It’s hard for a czar to get attention these days. If you listen to the conservative political media, at one point there were at least 32 in the Obama administration. That count may be a teeny bit high, but there are enough random, high-ranking officials running around the executive branch that the most significant events of their tenure may be their coronations and their departures. When Victoria Espinel, the White House’s first-ever “copyright czar,” left her position last week after four years, she earned the greatest concentration of attention from reporters across tech, entertainment, and political beats since she started the job.
From the beginning of her tenure, reporters weren’t quite sure what to make of her role. Congress required its creation in a 2008 intellectual property bill, and neither the Bush nor the Obama administrations seemed thrilled about the order—President Bush opposed creating the position, and the Obama administration wasn’t quite sure under which administrative structure their new IP czar should live. When President Obama chose Espinel for the job, she was widely seen as a choice that industry groups like the Recording Industry Association of America, the Motion Picture Association of America, and the Chamber of Commerce would approve of, although Wired reported at the time that the “copyleft” was “applauding the presidential appointment,” as well, citing praise from the digital rights group Public Knowledge. That was perhaps an optimistic way of describing Espinel’s reception on that side of the copyright divide: “It’s looking like—just as was initially feared—this position is really to get Hollywood’s own representative in the White House,” Techdirt’s Mike Masnick wrote.

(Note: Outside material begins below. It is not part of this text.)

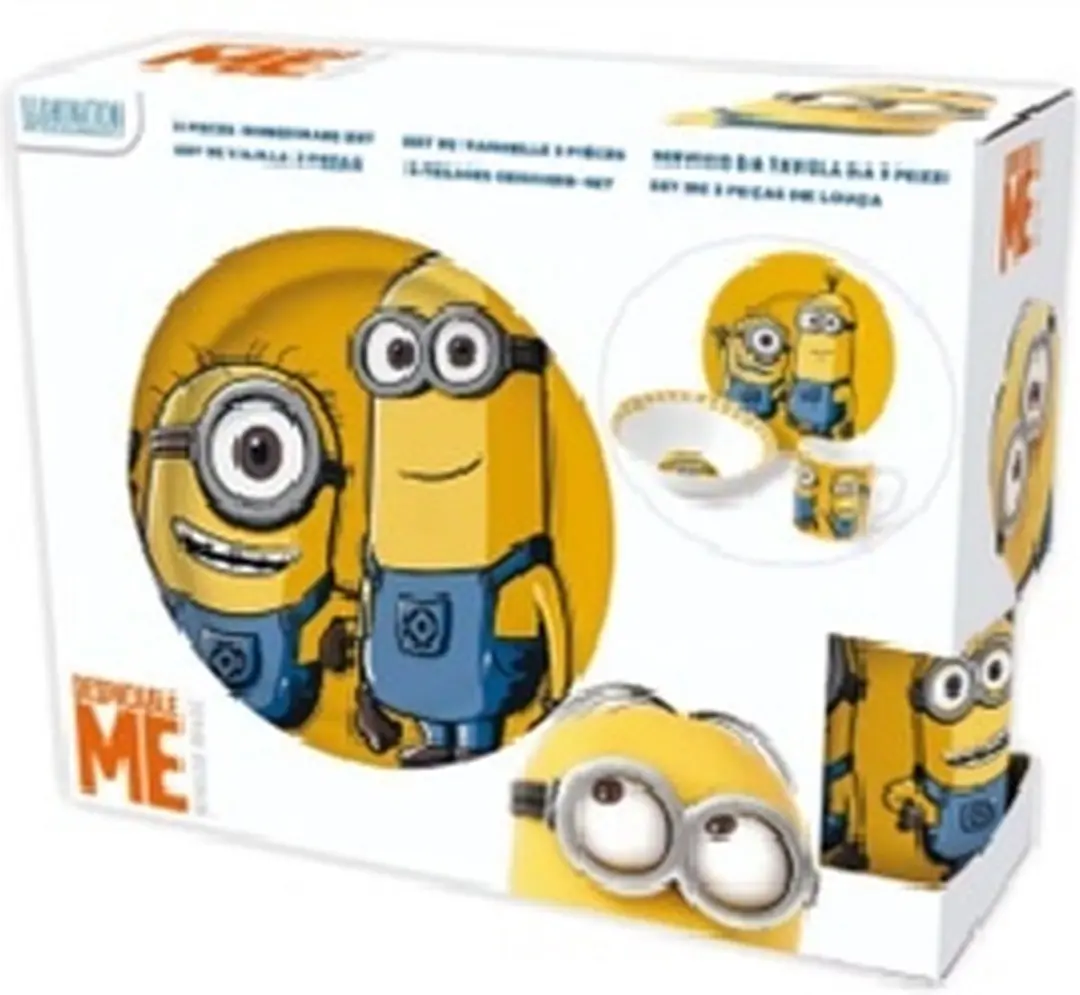 Minions Lunchset 3-delig - Kadoverpakking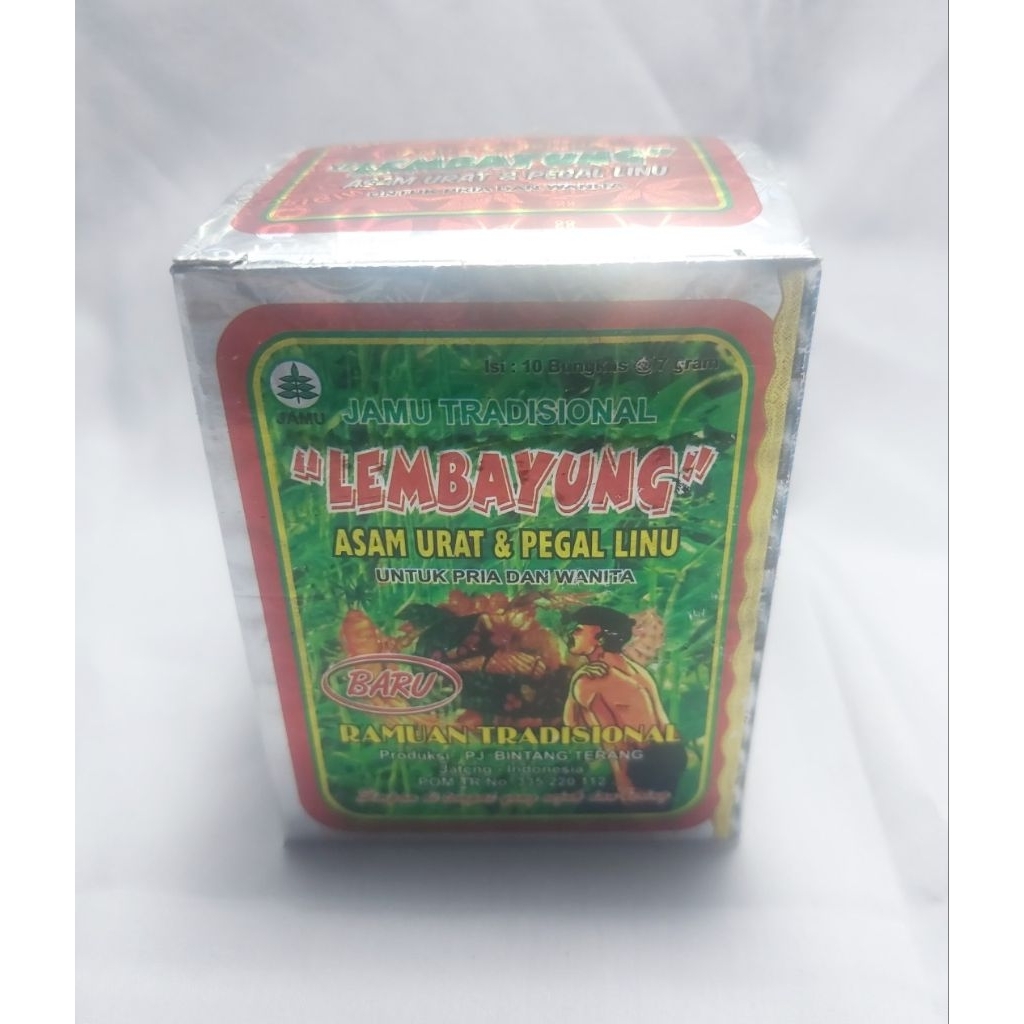 LEMBAYUNG SEEBUK JAMU HERBAL ASAM URAT & PEGAL LINU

One of the most widely covered stories of Espinel’s tenure was also about her work with movie and music industry groups. In 2010, Wired reported on emails obtained by Christopher Soghoian, an ACLU fellow focused on privacy, that showed how Espinel had been working with industry groups and Internet service providers to craft an agreement on the copyright alert system, which would punish Internet users for pirating. The emails, Wired wrote, “show the administration’s cozy relationship with Hollywood and the music industry’s lobbying arms and its early support for the copyright-violation crackdown system.” Publications like the Hollywood Reporter also followed Soghoian’s efforts to find out more about how the copyright alert system was created and how involved Espinel was.

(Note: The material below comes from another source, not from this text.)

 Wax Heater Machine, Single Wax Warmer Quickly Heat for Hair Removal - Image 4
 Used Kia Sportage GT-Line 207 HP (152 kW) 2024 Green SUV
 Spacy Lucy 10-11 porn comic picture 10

The DC media was less interested in the copyright alert system—and less interested in Espinel. Politico covered some of her work on counterfeit drugs and dutifully noted when annual IP enforcement reports came out of her office. The Washington Post gave a nod to her work on protecting trade secrets—business, rather than entertainment, IP. She played a small but notable role in the coverage of the 2012 debate over laws proposed to police online content sharing—the Stop Online Piracy Act and the PROTECT IP Act—by co-authoring the administration’s response to an online petition asking the president to veto SOPA. It fit with her usual approach to these issues—try to walk the line between two sides sniping at each other. Any legislation, she wrote , along with two other administration officials “should reflect a wide range of stakeholders, including everyone from content creators to the engineers that build and maintain the infrastructure of the Internet.” While Variety reported that the response “took issue with some of the bill’s provisions,” Ars Technica thought it bigger news, reporting that the administration had “joined the ranks of skeptics of the Stop Online Piracy Act.”

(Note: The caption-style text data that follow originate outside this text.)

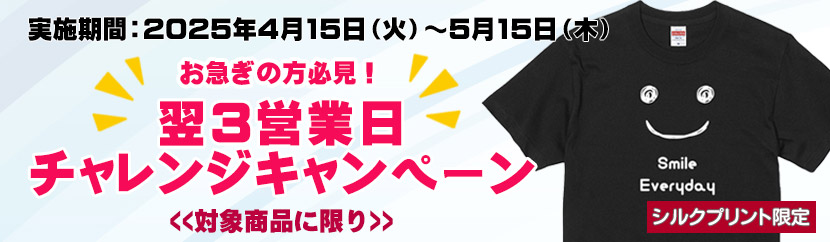 チャレンジキャンペーン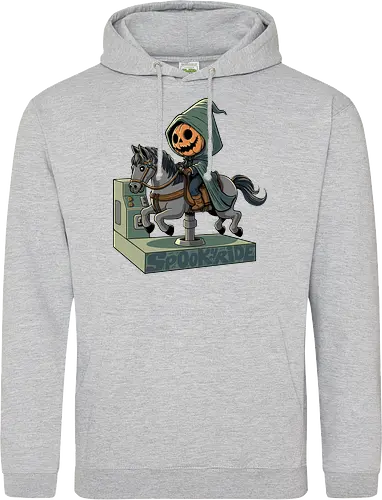 Spooky ride.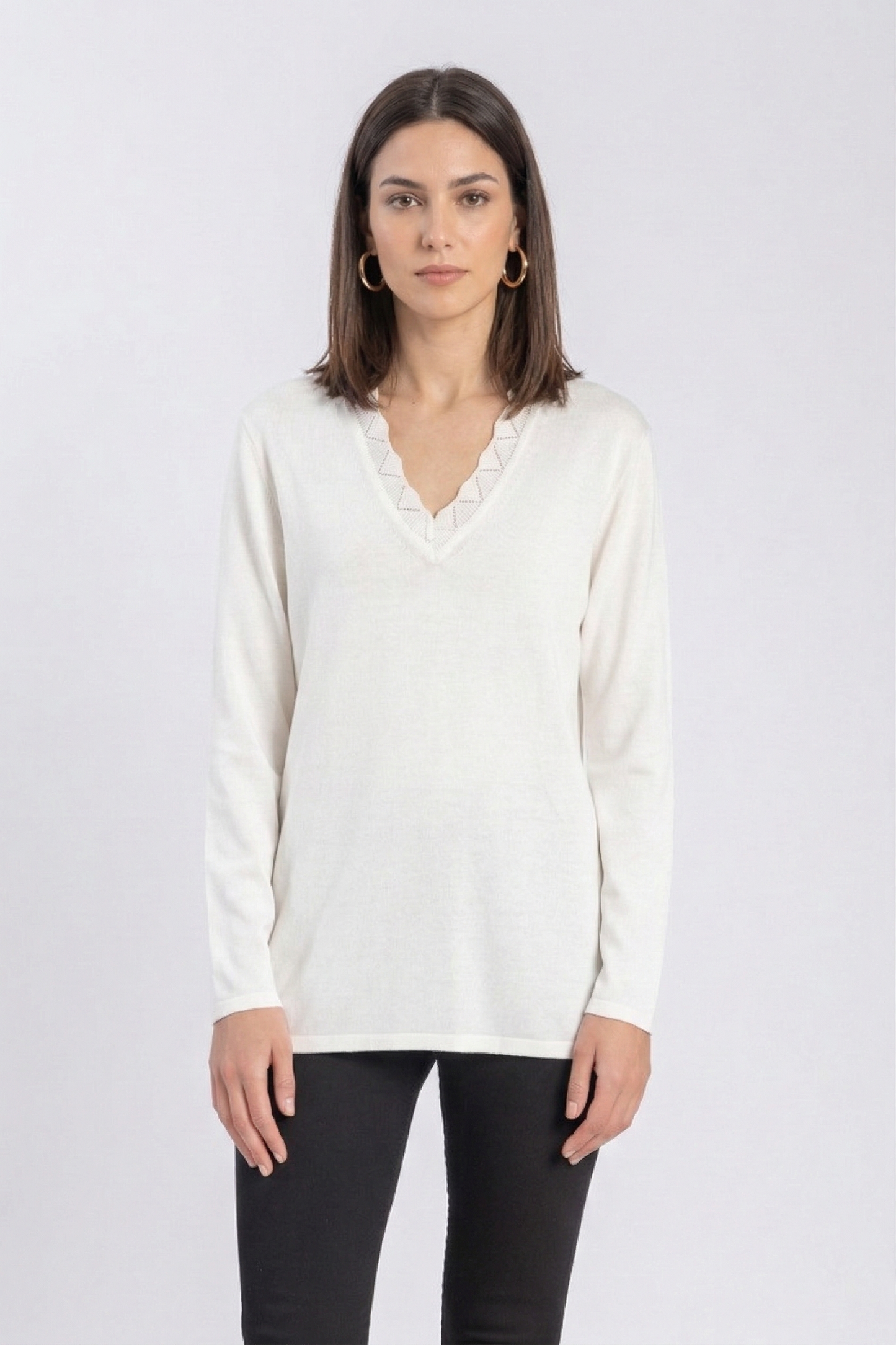 knitwear blouse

Glenn Beck might argue that this scanty media coverage is evidence of government bloat—here we have a government official who, over four years in the administration, did little to make the news besides release lengthy and thorough reports at regular intervals. But it’s more likely evidence that Espinel skillfully handled the position she was hired into, a job that made her vulnerable to criticisms of pro-industry bias.
One detail that the media noted over time about Espinel was that she was a good listener. She made an effort to canvas groups and voices across the copyright world, including the reporters who cover her issues. Wired noted at one point that she had “reached out to Wired late Monday to explain that Uncle Sam is seeking the public’s input for ideas on how to combat intellectual property theft” and gamely offered its own list. A better indication of her approach, though, comes from TechDirt’s Masnick, who wrote that Espinel had “been kind enough to personally reach out to us multiple times since taking on the job” and that “while I do not always agree with Espinel or the administration in how it handles these things, I have found them to be very open to actually listening to concerns from people…Espinel, at the very least, is actually interested in opposing viewpoints and the more detailed, thoughtful arguments she hears, the better.”
If her goal was to prove that she was not “Hollywood’s own representative,” she succeeded: By the time she left last week, Deadline Hollywood had been reporting how “MPAA chafed over what it considers the White House’s limited effort to reduce ad sales to web pirates”—a policy Espinel oversaw.
Disclosure: CJR has received funding from the Motion Picture Association of America (MPAA) to cover intellectual-property issues, but the organization has no influence on the content.